**PROBLEM DETAILS**: State the number of lines in these records holding "Picture". Say nothing more.

Dataset records:
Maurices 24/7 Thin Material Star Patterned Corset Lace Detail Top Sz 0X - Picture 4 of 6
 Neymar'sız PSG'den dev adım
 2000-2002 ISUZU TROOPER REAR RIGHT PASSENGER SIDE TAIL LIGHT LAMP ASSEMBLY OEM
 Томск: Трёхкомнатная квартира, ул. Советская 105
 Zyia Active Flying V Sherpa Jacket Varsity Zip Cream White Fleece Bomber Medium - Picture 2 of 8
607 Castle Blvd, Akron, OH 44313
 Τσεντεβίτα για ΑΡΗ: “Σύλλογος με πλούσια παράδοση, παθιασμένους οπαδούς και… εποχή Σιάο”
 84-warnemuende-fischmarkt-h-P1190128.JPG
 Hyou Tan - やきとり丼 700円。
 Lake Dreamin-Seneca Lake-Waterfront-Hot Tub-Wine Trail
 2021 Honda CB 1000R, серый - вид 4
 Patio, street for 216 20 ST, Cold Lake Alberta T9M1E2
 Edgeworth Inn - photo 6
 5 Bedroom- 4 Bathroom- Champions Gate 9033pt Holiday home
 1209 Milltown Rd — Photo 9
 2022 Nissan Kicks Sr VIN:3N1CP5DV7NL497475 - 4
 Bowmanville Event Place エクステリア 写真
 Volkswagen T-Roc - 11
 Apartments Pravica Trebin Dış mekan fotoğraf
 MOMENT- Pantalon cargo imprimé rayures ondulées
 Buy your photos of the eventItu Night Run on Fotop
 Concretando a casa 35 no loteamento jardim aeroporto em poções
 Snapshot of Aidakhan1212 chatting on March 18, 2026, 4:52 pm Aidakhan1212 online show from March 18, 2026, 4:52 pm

**EXPECTED ANSWER**: 2